Como nota muito negativa apenas o facto de, começado o espectáculo (e mesmo depois do intervalo) ser permitido aos atrasados tomarem os seus lugares.
A produção moderna, de Mariame Clément, deixou-me sentimentos contraditórios. A acção é passada nos dias de hoje, nos subúrbios de um qualquer lugar, num modesto consultório dentário (do Dr. Bartolo) onde, face à rotatividade do palco, são visíveis outras partes da casa. Rosina, na sua primeira aria (una voce poco fà), está na cama a depliar-se e faz coincidir as notas mais agudas com os momentos em que arranca os “adesivos” de depilação.
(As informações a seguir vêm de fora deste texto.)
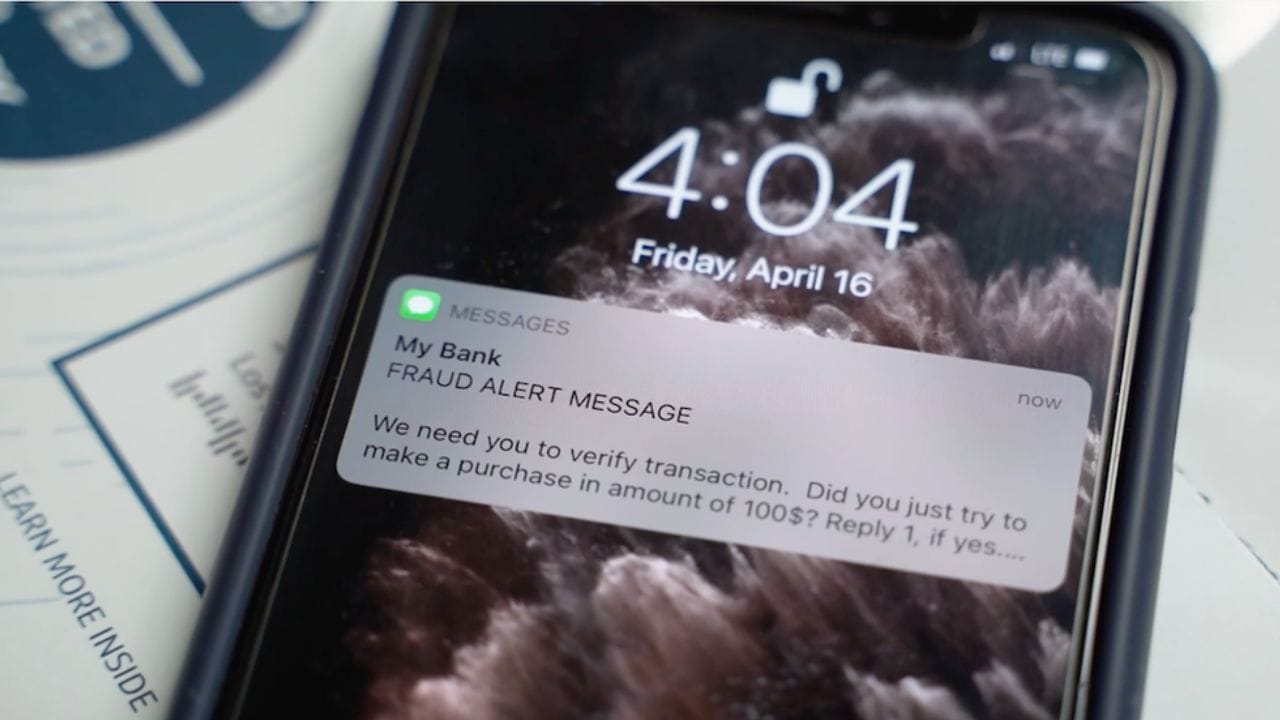 બેંકિંગ સેવાઓ, વ્યવહારો, ટેલિકોમ સેવાઓ વગેરે સંબંધિત મેસેજના અંતે S - S લખેલું હોય છે. આનો અર્થ એ છે કે આ મેસેજ તમે લીધેલી સેવા સાથે સંબંધિત છે.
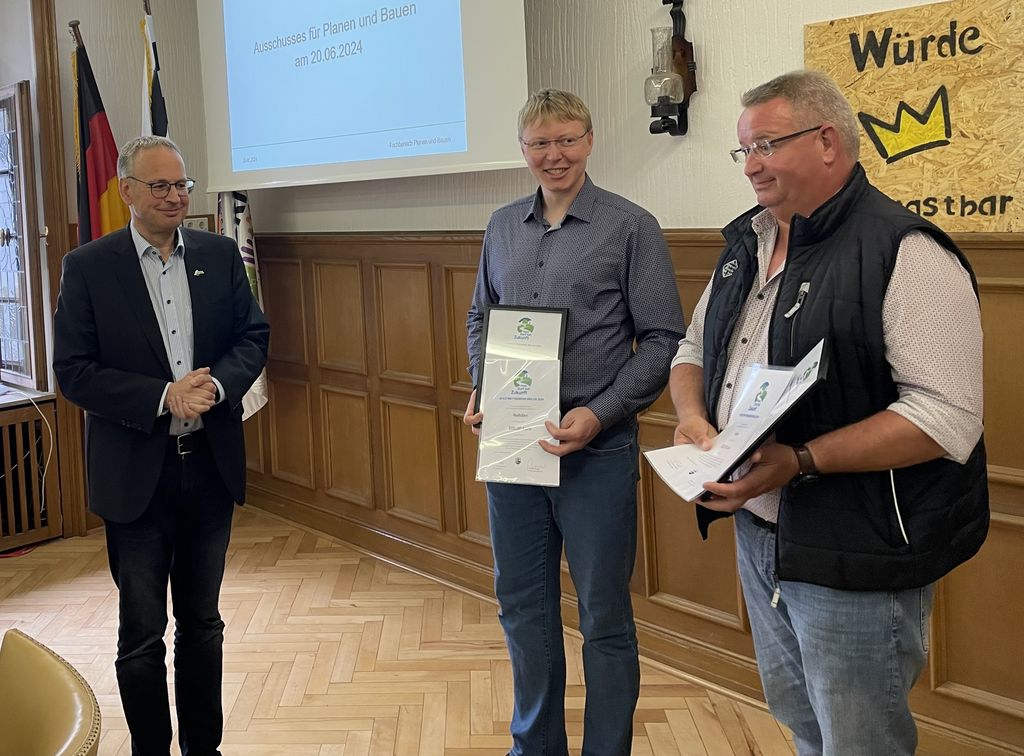 Siegerehrung Unser Dorf hat Zukunft - v.l.n.r. Fachbereichsleiter Marcus Bange mit den Ortsvorstehern Jan Brückner (Nehden) und Frank Patzke (Alme) bei der Übergabe der Siegerurkunden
No final, acaba por depilar também parte do seu urso de peluche. Ao longo da récita vêem-se personagens dentro de caixotes de lixo ou a urinar na parede (Fígaro e Almaviva), sentadas na sanita (Rosina) e na cama (Almaviva e Rosina), entre outras situações menos comuns. Mas a coisa até tem alguma graça e o guarda roupa, kitsch, também está bem escolhido para o enquadramento criado.
A orquestra, dirigida por George Pehlivanian, ao contrário do que esperava, esteve aquém das minhas expectativas, limitando-se a cumprir a partitura, sem brilho.
Os cantores, com uma excepção, estiveram muito bem e à altura dos papeis que representaram.
Lionel Peintre, barítono francês, foi o Dr. Bartolo. Esteve bem cenicamente e também vocalmente, embora revelando algumas dificuldades nas partes mais exigentes, sobretudo aquelas que obrigam a grande agilidade vocal. Também Ugo Guagliardo (baixo italiano) teve uma boa prestação como Don Basilio e a aria da calúnia foi particularmente bem cantada. Javier Abreu, americano, encarnou o Conde de Almaviva e foi o único que esteve muito aquém das exigências da personagem. A voz é pequena, revela grandes dificuldades nos agudos e é desastroso na coloratura. Oliver Grand (francês) foi Figaro e mostrou possuir uma voz de barítono de grande extensão, capaz de encher qualquer teatro de ópera e foi também muito bom em cena. Shira Raz, mezzo israelita, cantou e representou bem o papel de Berta, mas a noite foi do soprano israelita Chen Reiss que foi a Rosina. Possuidora de uma excelente voz, bem projectada, bom timbre e segura em toda a extensão do registo vocal, mostrou também ser uma excelente actirz.